Thursday, April 21, 2011

It's not a wedding, it's a FESTIBRATION!

According to most of America, I am completely nuts. I am a bride-to-be and my whole world should be consumed by seating charts and invitations. I should be agonizing over which shade of lavender our napkins should be. My mind should be slowly disintegrating under the pressure of which dress I should spend a small fortune on. And if that’s not enough to turn me into a drooling, zombified stereotype, there’s also all that competitive and unrealistic expectation to be met.

Sorry America, I just can’t give a shit.

While I experience a wide variety of reactions to my thoughts on weddings and marriage, there are a few that stick with me. Mostly from the people I love. So of course, I wrote about it. After posting these thoughts on a wedding website, it received a HUGE amount of response. So I thought I'd share with you what I shared with them.

A letter to our loved ones.

I have always been a girly girl/tomboy hybrid. As a child, I insisted on wearing a dress everyday to go tree climbing or frog catching. In college I played Snow White at Disney World and lived in a house full of my crazy male friends and worked on cars. I see how this duality could be confusing to some. But for me, it is just my life.

I have always marched to my own beat (which most people couldn't hear). Y'all - my dear family- love to regale each other with stories of my strange childhood antics. But you always do it lovingly and I like knowing you paid so much attention to me as a kid although I didn't realize it. 

So when I announced our non-traditional wedding plans I expected you to say "I knew it. Your wedding is going to be SO cool." Instead, what came out of your mouth blew me away. "What happened to your princess wedding!?" (Cue brain-splatter) 

My WHAT?! When did I plan that?

After much discussion, it became clear that you had been planning my wedding in your head for quite some time. This is not something new to most people. But it is just not what I expected from my motorcycle riding, free spirited mother. Also, I have four sisters, so I just assumed you didn't have the time or energy to do that for all of us. (Color me incorrect.)

We made our plans with a naive thought "Let's have three weddings and that way we all get what we want!" FH wants a ceremony with just the two of us. I want a Native American ceremony with my family. You all said you want a party. And our friends just want to get drunk and have a good time. 

So we are doing all of these things. However, it is HOW we are doing them that apparently has many a panty in a bunch. The ceremony with our dear family is a Native American ceremony and does not utilize an officiant. It is spoken by each member of the immediate family and you pronounce us as  members of the family community together. This ceremony is very important to me and feels exactly like what a wedding should be (for us).

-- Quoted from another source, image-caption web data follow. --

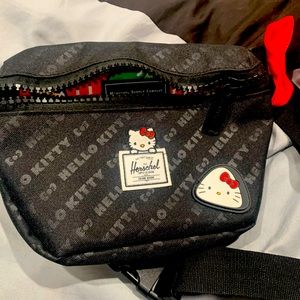 Hershel hello kitty Fanny pack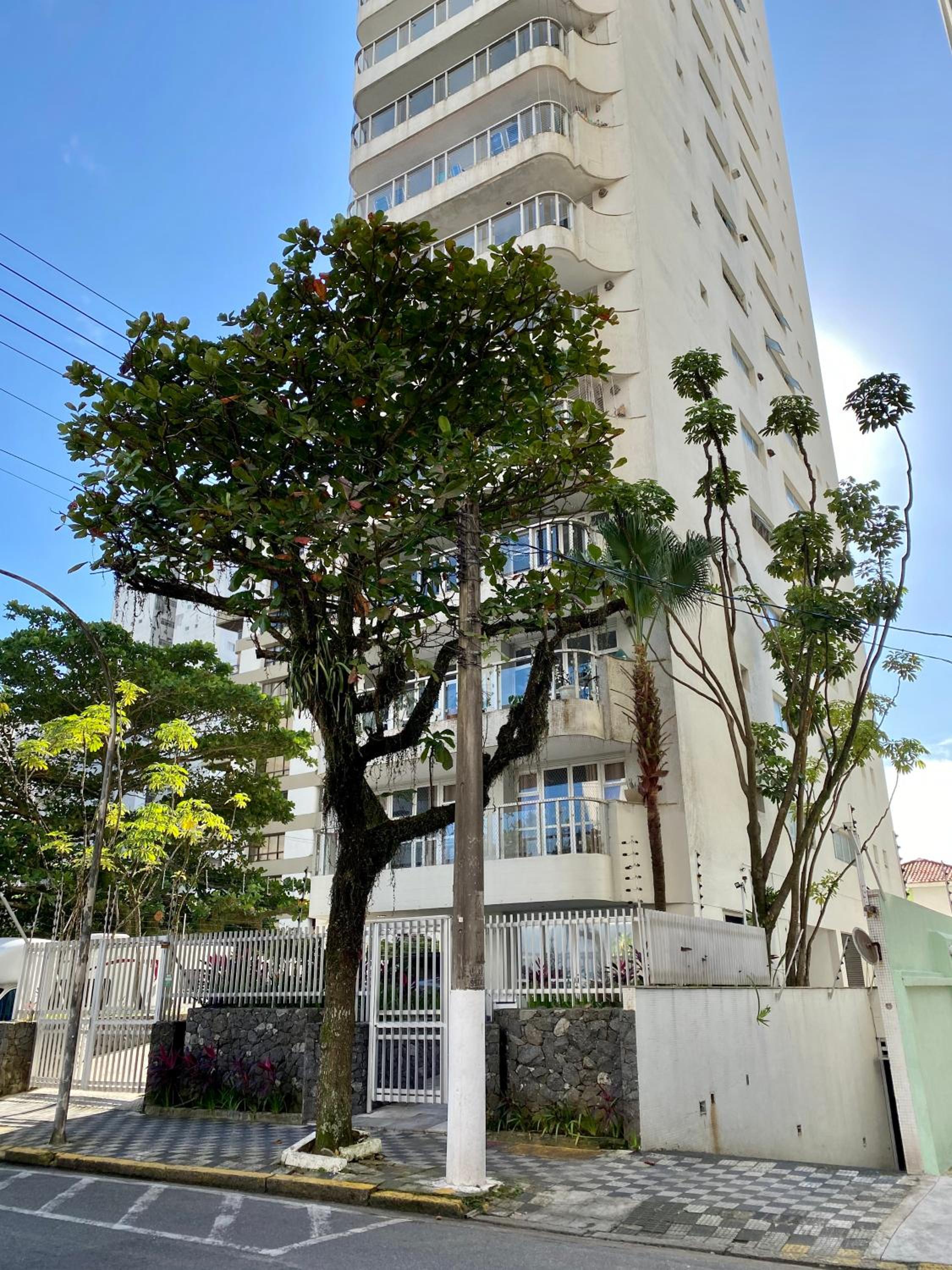 Apartamento espaçoso com vista
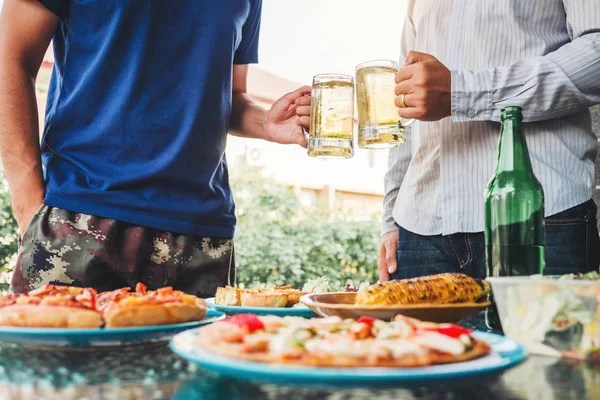 Fiesta de la tarde Grupo de amigos disfrutando de beber cerveza con barbec — Foto de Stock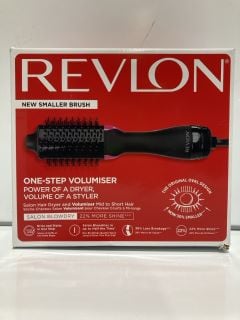 2 X REVLON NEW SMALLER BRUSH ONE STEP VOLUMISER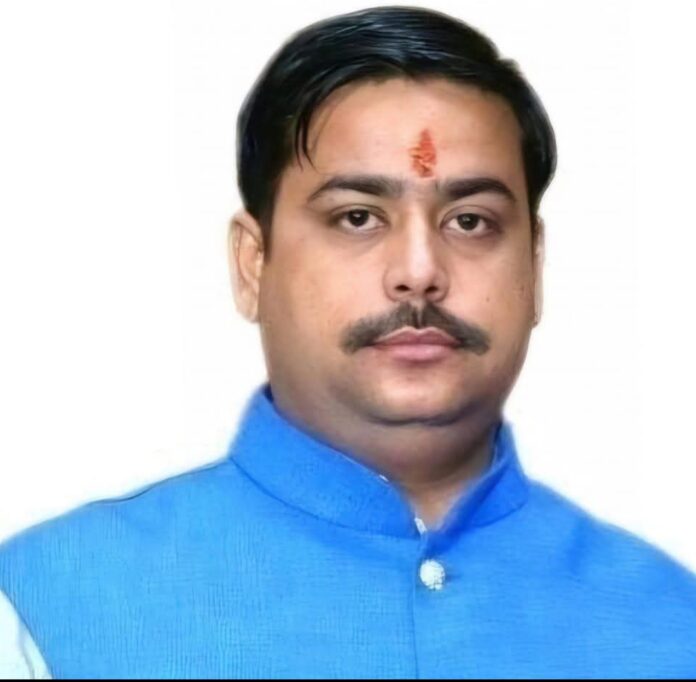 भाजपा जमशेदपुर अध्यक्ष संजीव सिन्हा और गुंजन यादव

You seem to be coming to terms with these plans, but you REFUSE to call it a wedding. Simply because there is no officiant. We feel that it is so much more meaningful to have you (our family) perform this ceremony than to have someone we don't know tell us we are married. 

So you win Mom, it is not a wedding. It is not a mock up of everything you have been told a wedding is. It is not regurgitated words and jordan almonds. It's our month-long Marriage Festibration! It is a six country adventure to begin our biggest adventure of all. And most importantly, it is what we believe a wedding should be about: us, you, our past, future and the people that make us who we are. I can only hope that when the day comes, you will see the beauty and intimacy of this ceremony and recognize it for what it is. A union of our hearts and our families.